Tags: CMS12 Optimizely/Episerver

Optimizely CMS Link Validation Job now finally uses GET instead of HEAD!

Over the years I have spent a lot of time with different Optimizely (previous Episerver) CMS sites, some with several hundred thousand content items. As the number of content items increases, it becomes harder to keep the number of broken links at zero!

One factor that has made this even more challenging is that the Link Validation Job uses only HTTP HEAD to check external links, and not all websites will respond to HTTP HEAD requests. Because of this the Link Status report will contain a lot of links that are not actually broken.

Optimizely World is one of the many websites that refuse to respond to HTTP HEAD, and because of this all links to Optimizely World have been marked as broken on this blog – until today!

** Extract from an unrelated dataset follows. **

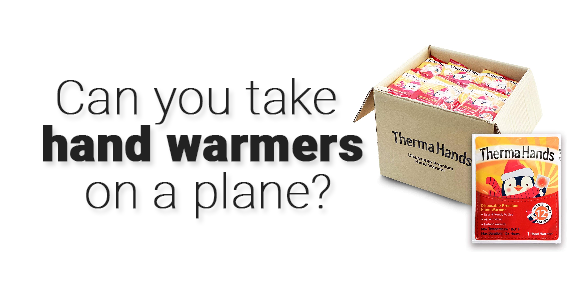take hand warmers on a plane-02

Sometime during May 2023, I had a conversation with a nice guy at Optimizely Support regarding different ways to improve the link validation in Optimizely CMS, and the result was bug CMS-27283. For the record, I did not write the description.

Today the update is live with the release of EPiServer.CMS.Core 12.15.1. The Link Validation job will now always use HTTP GET to check external links. I updated my site, ran the link validation job again, and almost all broken links disappeared from the report!

In order to understand how this works, I looked at the code in LinkValidator, found in the EPiServer.LinkAnalyzer.Internal namespace, and noticed that it's always HTTP GET, and not just HTTP GET as a fallback if HTTP HEAD fails.

HttpRequestMessage request = new HttpRequestMessage(HttpMethod.Get, url);

To make sure I didn't miss anything, I also fired up ncat in an Ubuntu Terminal using WSL2, with the following command.

ncat -l 8080 --keep-open

I then added a link to http://localhost:8080 on a page and ran the Link Validation job from my local computer. This was the output.

GET /robots.txt HTTP/1.1
Host: localhost:8080
User-Agent: EPiServer Link Checker
traceparent: 00-1fb46d709816cdf2a351b463d0cdcf5d-ef8898c4ddcd6edb-00

GET / HTTP/1.1
Host: localhost:8080
User-Agent: EPiServer Link Checker
traceparent: 00-1fb46d709816cdf2a351b463d0cdcf5d-3206e52890bc1beb-00

As we can see, the Link Validation job first checks robots.txt to make sure it's allowed to check the link, and then it fires off an HTTP GET request.

Nice work, Optimizely! 🎉